Durante os 28 anos em que esteve bispo auxiliar de Dom Jaime de Barros Câmara na Arquidiocese do Rio de Janeiro, de 1936 a 1964, se tornou símbolo da luta contra a pobreza no Brasil.
Dom Helder faleceu no dia 28 de agosto de 1999, em Recife, aos 90 anos. Nascido em Fortaleza, no dia 7 de fevereiro de 1909, em uma família pobre, de 13 filhos, dos quais ele era o décimo primeiro, e tendo perdido cinco irmãos por causa de uma epidemia de gripe devido às condições precárias de saúde em que vivia. Conhecia bem o que era ser pobre.
Aos 22 anos foi ordenado padre, em 15 de agosto de 1931, com uma licença extraordinária da Santa Sé porque não tinha ainda a idade mínima necessária para a ordenação, que era de 24 anos. No dia 3 de março de 1952, foi ordenado bispo auxiliar do Rio de Janeiro.
Exerceu ação de destaque no Concílio Ecumênico Vaticano II, criando e assinando o Pacto das Catacumbas, que propõe aos bispos, presbíteros e diáconos da Igreja a renúncia total a qualquer tipo de riqueza e luxo e entrega total ao serviço aos pobres.
Em março de 1964, foi nomeado arcebispo de Olinda e Recife. Ocupou o cargo de bispo até o dia 2 de abril de 1985, quando renunciou, tornando-se bispo emérito. Nos anos 90, inaugurou, com o auxílio de várias organizações filantrópicas, na Fundação Joaquim Nabuco, a campanha Ano 2000 Sem Miséria.
Marina Araujo, atual diretora do Banco da Providência, que foi amiga de Dom Helder, lembra que o elogio que ele mais gostou de receber veio de uma criança que disse que ele era “feio como um E.T., mas tão bonzinho quanto ele”, o que para ela comprova a simplicidade da pessoa dele, com quem, ela afirma, “podia-se fazer brincadeiras ou ter uma conversa séria e profunda que ele saberia falar de ambas as coisas”. Mas a marca dele era mesmo o amor pelos pobres.

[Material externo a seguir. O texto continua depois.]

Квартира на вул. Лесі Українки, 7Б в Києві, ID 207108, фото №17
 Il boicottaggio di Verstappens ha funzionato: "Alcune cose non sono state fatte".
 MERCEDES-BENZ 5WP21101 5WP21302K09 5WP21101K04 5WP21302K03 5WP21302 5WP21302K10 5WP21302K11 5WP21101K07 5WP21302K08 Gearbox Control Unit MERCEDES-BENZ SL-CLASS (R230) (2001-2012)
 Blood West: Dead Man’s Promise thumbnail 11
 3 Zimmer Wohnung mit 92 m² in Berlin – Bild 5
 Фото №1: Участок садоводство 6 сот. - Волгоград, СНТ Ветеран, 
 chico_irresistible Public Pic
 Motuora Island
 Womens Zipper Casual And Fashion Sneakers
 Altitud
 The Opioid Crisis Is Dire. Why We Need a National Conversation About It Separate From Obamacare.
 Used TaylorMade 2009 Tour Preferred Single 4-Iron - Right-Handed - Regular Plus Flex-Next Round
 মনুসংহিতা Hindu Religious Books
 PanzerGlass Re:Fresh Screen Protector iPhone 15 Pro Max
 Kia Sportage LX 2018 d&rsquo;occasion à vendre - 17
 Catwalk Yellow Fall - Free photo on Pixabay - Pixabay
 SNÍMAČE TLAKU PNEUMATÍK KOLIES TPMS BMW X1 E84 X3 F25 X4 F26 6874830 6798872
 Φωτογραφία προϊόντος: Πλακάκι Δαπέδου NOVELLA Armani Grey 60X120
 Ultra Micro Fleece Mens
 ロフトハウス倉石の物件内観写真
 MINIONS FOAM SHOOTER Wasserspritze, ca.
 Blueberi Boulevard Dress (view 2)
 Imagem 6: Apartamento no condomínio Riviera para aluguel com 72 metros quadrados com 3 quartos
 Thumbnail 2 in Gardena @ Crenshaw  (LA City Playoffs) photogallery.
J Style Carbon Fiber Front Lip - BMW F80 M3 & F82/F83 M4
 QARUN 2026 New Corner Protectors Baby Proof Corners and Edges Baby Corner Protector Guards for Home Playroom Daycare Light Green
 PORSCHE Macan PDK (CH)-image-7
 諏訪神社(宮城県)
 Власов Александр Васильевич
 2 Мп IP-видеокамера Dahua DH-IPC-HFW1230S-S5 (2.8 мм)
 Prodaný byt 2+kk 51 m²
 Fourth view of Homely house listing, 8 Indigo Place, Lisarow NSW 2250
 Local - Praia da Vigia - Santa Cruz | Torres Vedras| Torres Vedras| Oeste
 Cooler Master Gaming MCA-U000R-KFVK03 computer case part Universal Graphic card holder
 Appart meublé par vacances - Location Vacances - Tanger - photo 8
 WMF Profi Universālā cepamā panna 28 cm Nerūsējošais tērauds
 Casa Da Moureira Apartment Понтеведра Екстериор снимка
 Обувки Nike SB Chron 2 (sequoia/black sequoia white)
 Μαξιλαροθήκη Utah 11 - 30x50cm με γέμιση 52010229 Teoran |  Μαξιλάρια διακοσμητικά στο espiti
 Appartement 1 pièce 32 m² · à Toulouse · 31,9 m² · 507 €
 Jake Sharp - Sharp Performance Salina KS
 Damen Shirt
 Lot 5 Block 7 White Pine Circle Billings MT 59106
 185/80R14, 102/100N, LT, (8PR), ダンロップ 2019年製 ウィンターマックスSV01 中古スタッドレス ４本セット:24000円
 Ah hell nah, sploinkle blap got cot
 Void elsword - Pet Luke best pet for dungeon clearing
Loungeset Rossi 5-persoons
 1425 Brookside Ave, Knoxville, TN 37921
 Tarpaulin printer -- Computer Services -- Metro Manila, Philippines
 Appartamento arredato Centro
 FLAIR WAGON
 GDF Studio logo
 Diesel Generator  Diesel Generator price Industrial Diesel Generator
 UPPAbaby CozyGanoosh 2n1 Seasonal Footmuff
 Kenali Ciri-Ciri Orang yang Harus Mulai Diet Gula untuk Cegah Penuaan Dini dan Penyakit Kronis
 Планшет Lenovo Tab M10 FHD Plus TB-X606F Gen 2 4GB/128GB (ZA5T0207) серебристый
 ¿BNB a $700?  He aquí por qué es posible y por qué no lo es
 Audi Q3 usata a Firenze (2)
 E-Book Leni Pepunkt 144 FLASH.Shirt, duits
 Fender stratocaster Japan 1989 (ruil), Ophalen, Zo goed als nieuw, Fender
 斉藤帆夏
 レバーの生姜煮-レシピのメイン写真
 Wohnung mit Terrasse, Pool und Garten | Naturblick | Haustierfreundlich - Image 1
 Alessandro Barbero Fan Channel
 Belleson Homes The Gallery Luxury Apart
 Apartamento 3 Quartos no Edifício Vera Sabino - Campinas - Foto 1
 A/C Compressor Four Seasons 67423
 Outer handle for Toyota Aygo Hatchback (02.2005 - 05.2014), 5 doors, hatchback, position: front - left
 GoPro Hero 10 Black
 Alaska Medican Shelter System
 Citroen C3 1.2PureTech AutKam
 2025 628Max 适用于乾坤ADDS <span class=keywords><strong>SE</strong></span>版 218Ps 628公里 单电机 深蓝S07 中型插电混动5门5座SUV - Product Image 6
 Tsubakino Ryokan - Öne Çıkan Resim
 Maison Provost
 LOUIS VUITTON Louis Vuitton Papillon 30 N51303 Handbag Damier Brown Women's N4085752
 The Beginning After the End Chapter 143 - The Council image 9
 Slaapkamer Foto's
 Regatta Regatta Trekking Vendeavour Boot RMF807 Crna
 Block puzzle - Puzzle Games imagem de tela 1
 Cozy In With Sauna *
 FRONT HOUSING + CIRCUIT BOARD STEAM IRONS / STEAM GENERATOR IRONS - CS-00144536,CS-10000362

“Onde ele fosse tinha filas de pobres. Por isso surgiu a ideia de fazer um trabalho organizado de atendimento aos menos favorecidos”, explicou ela, falando sobre o Banco da Providência. “Ele podia ter acabado de ganhar um dinheirinho, e dava a quem pedisse e precisasse. Muitas vezes deu inclusive sem saber o quanto estava dando. Quando questionado, ele dizia: ‘Não era meu’, ou então ‘Ué, não era para dar?’”, contou ela.